Records supplied:
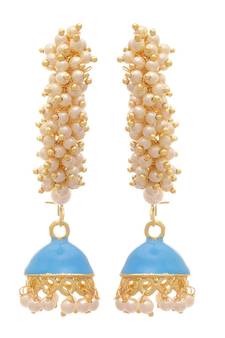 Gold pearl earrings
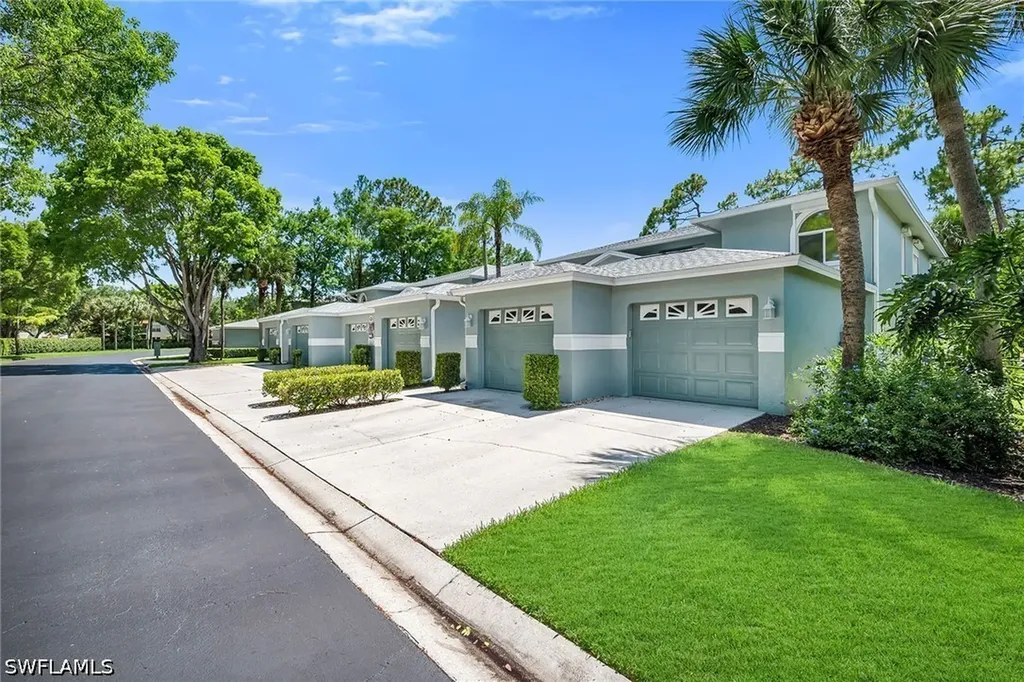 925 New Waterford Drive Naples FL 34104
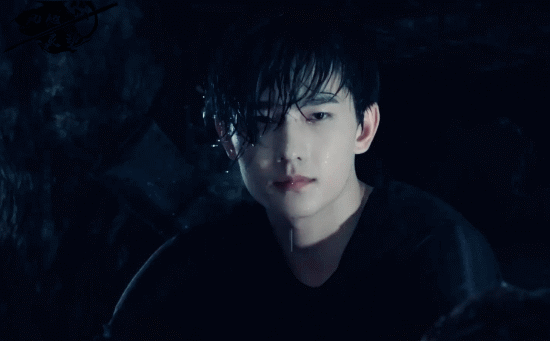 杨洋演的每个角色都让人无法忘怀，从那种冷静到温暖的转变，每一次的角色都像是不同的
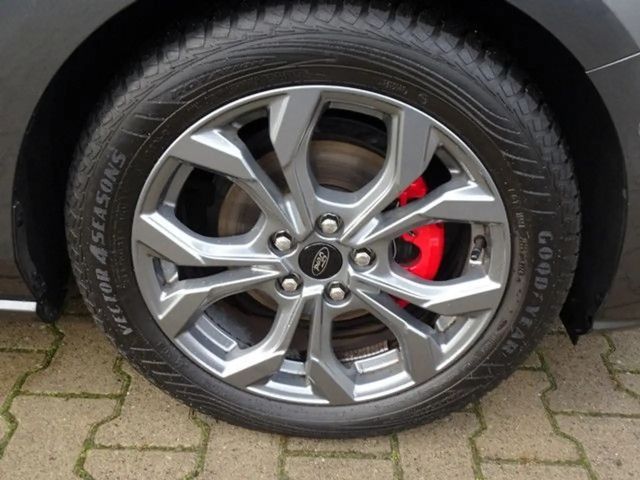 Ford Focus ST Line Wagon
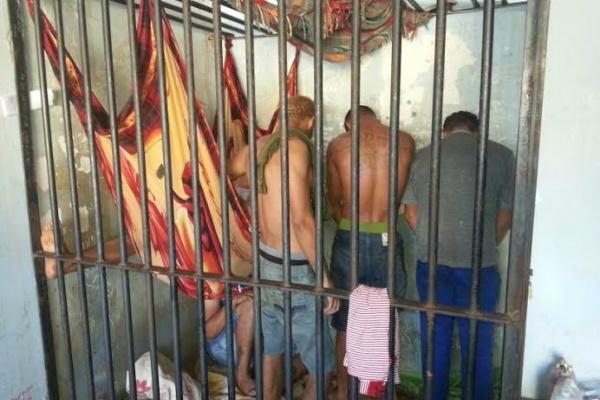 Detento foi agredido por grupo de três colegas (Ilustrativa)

Exercise goal:
Apart from the pictures, the entries above are to be repeated in full and exactly.

Your response:
 Gold pearl earrings
 925 New Waterford Drive Naples FL 34104
 杨洋演的每个角色都让人无法忘怀，从那种冷静到温暖的转变，每一次的角色都像是不同的
 Ford Focus ST Line Wagon
 Detento foi agredido por grupo de três colegas (Ilustrativa)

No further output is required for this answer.